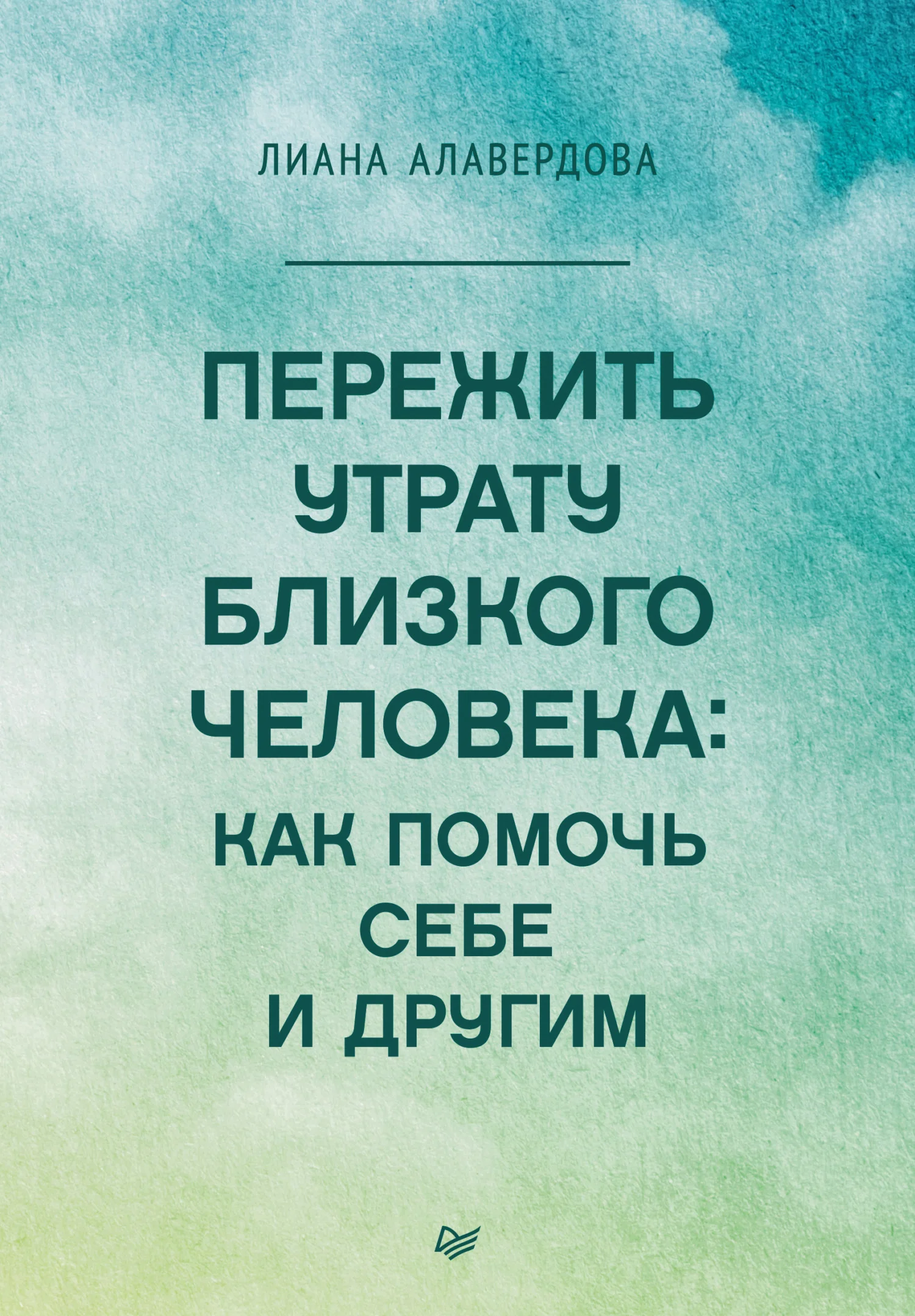 Обложка Пережить утрату близкого человека: как помочь себе и другим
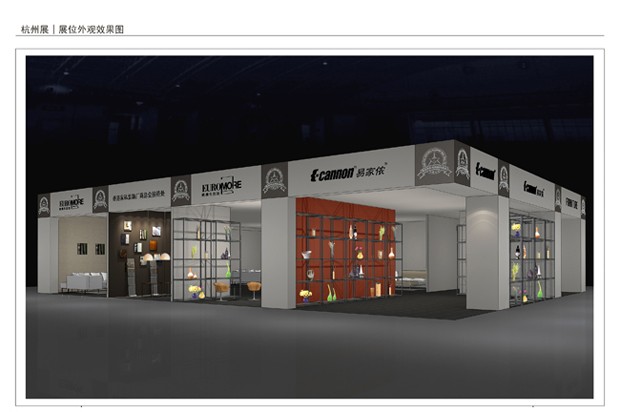 专业卫浴展示设计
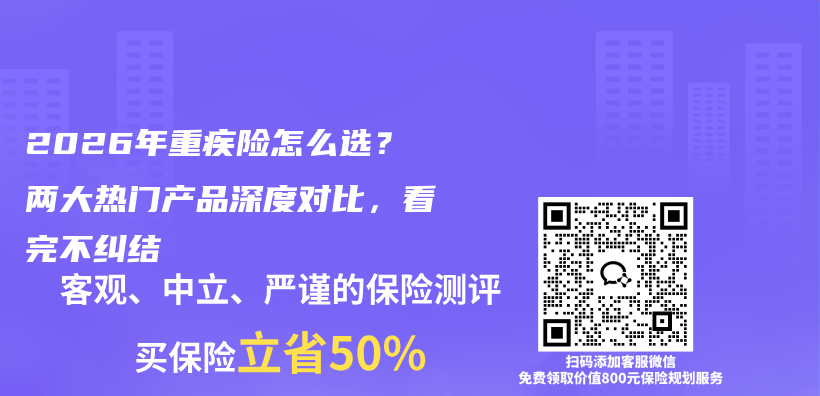 2026年重疾险怎么选？两大热门产品深度对比，看完不纠结插图1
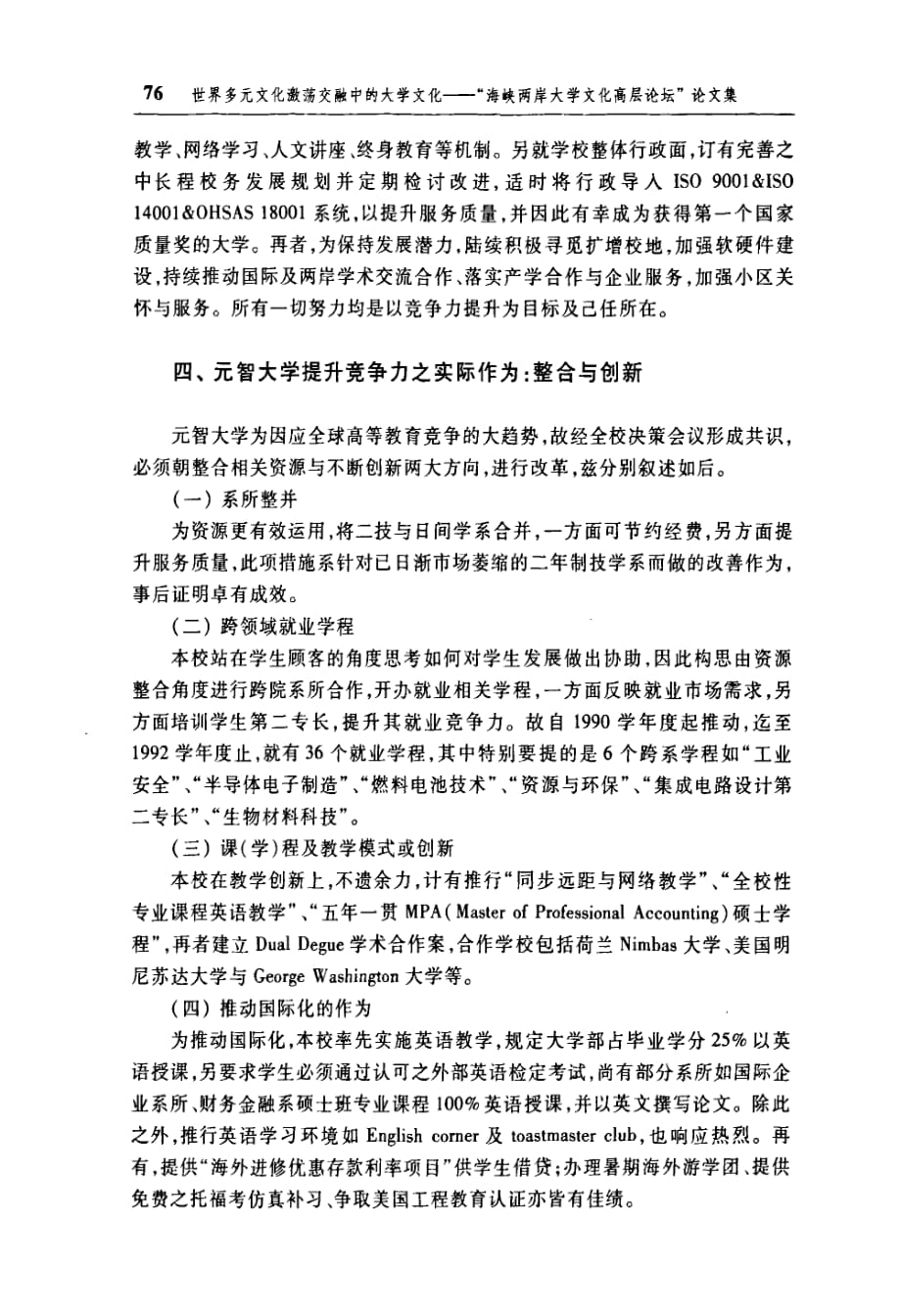 提升大学国际竞争力与整合的策略_第3页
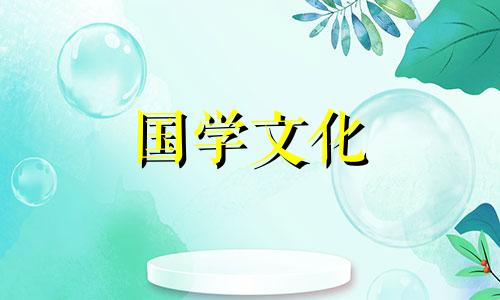 结婚20年是什么婚纪念日 20年的结婚纪念日叫什么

++++++++++++++++++++

- Problem details -
Since the pictures are not wanted, write out the rest of the data exactly as it reads.

- Written answer -
 Обложка Пережить утрату близкого человека: как помочь себе и другим
 专业卫浴展示设计
 2026年重疾险怎么选？两大热门产品深度对比，看完不纠结插图1
 提升大学国际竞争力与整合的策略_第3页
 结婚20年是什么婚纪念日 20年的结婚纪念日叫什么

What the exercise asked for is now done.